Abstract

Transverse densities describe the spatial distribution of electromagnetic current in the nucleon at fixed light-front time. At peripheral distances b = O(M_pi^{-1}) the densities are governed by chiral dynamics and can be calculated model-independently using chiral effective field theory (EFT). Recent work has shown that the EFT results can be represented in first-quantized form, as overlap integrals of chiral light-front wave functions describing the transition of the nucleon to soft-pion-nucleon intermediate states, resulting in a quantum-mechanical picture of the peripheral transverse densities. We now extend this representation to include intermediate states with Delta isobars and implement relations based on the large-N_c limit of QCD. We derive the wave function overlap formulas for the Delta contributions to the peripheral transverse densities by way of a three-dimensional reduction of relativistic chiral EFT expressions. Our procedure effectively maintains rotational invariance and avoids the ambiguities with higher-spin particles in the light-front time-ordered approach. We study the interplay of pi-N and pi-Delta intermediate states in the quantum-mechanical picture of the densities in a transversely polarized nucleon.
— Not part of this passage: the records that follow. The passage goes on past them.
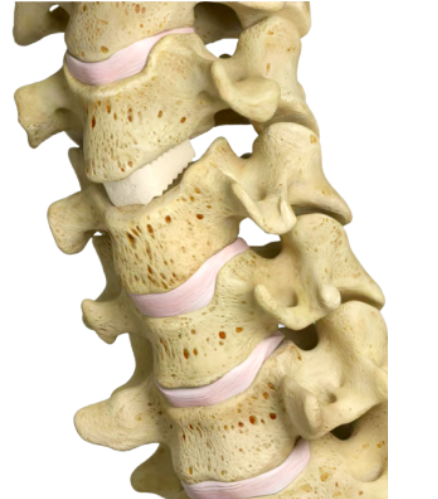 Spine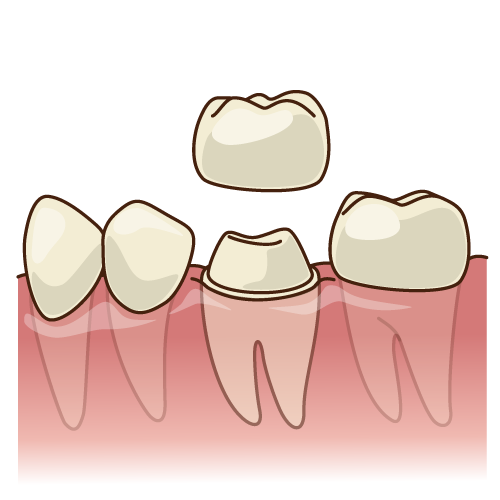 白い被せ（クラウン）を入れる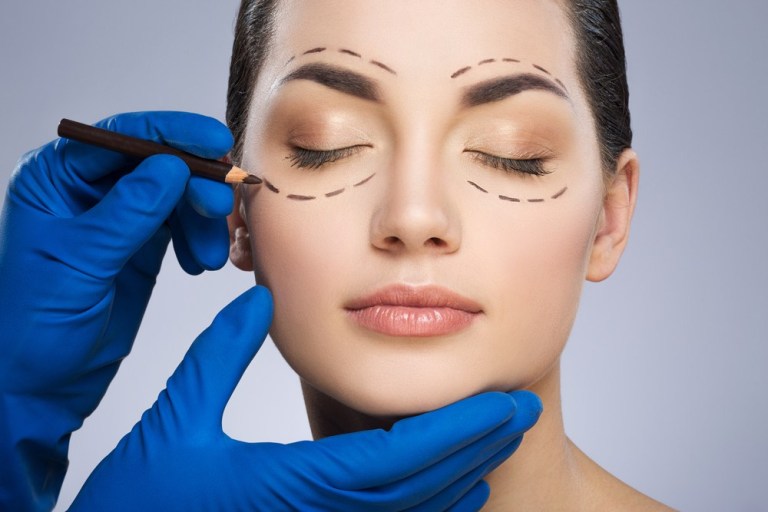 eyelid surgery raleigh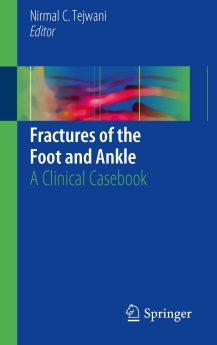 Fractures of the Foot and Ankle, 2018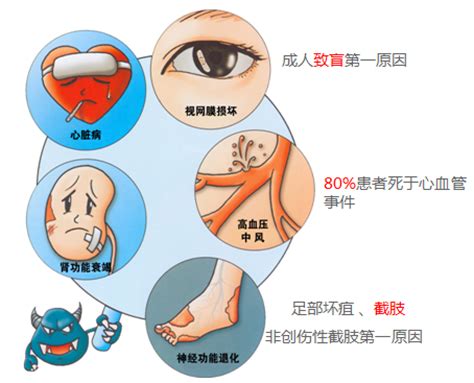 糖尿病的早期有7大表现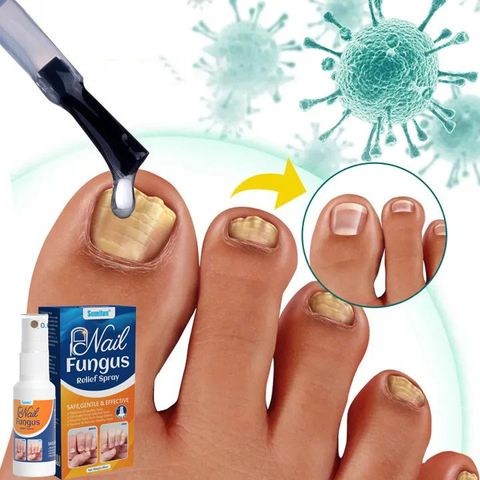 Bình Xịt Giảm Nấm Móng - Chăm Sóc Tay Chân Gia Truyền, Hỗ Trợ Khắc Phục Hư Khoé, Bọng Móng, Dễ Sử Dụng, Hiệu Quả Nhanh Chóng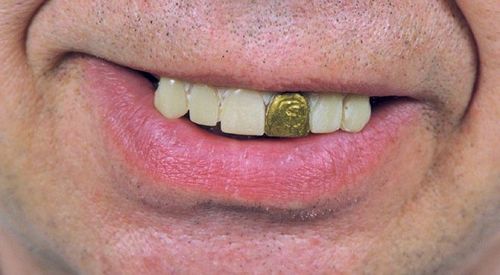 Teeth Glow Gold Miner Case Pack 2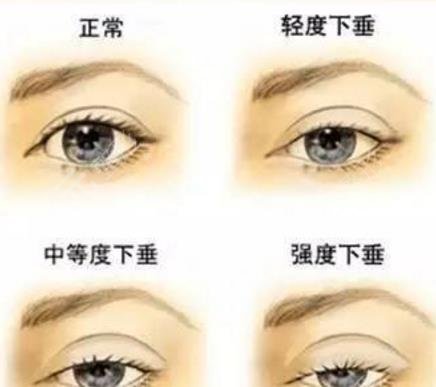 上睑下垂怎么办?可以做手术吗?上睑下垂的类型有哪些?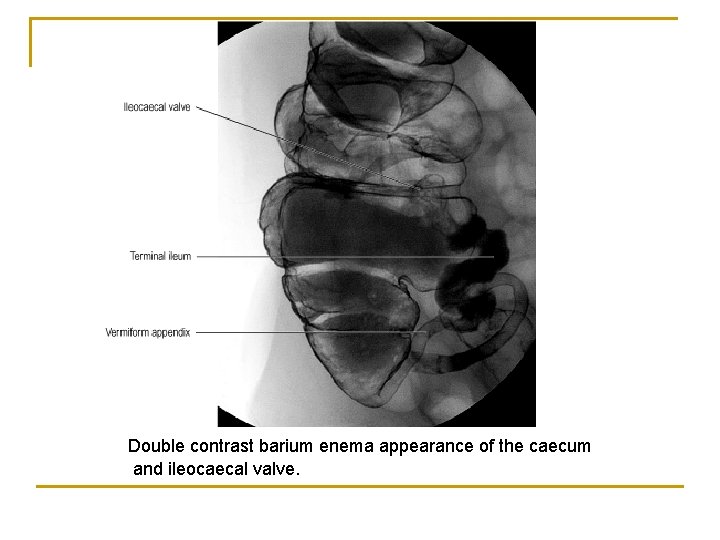 Double contrast barium enema appearance of the caecum and ileocaecal valve. 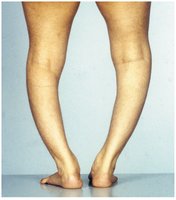 Rickets: bone deformity due to vitamin D3 deficiency
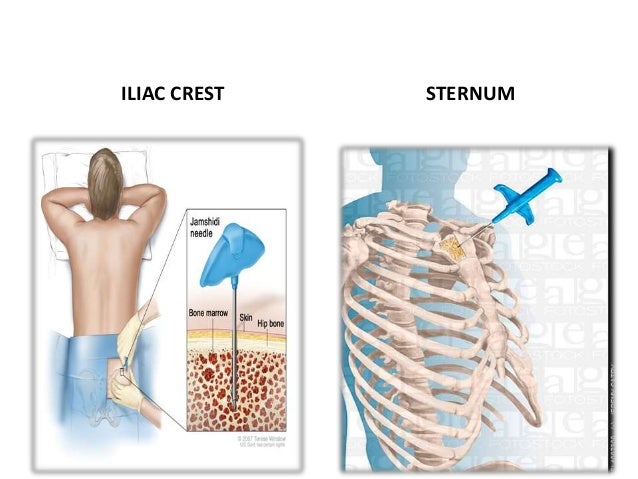 bone-marrow-aspiration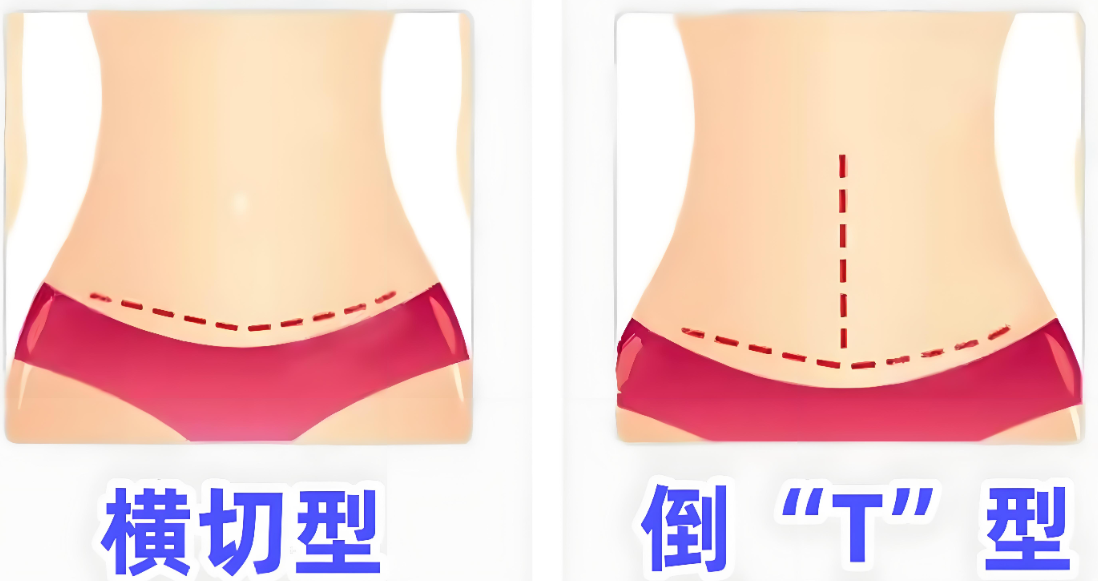 五、想找李献和医生得怎么走流程?这里有一份超接地气的预约攻略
We show that the correct N_c-scaling of the charge and magnetization densities emerges as the result of the particular combination of currents generated by intermediate states with degenerate N and Delta. The off-shell behavior of the chiral EFT is summarized in contact terms and can be studied easily. The methods developed here can be applied to other peripheral densities and to moments of the nucleon's generalized parton distributions.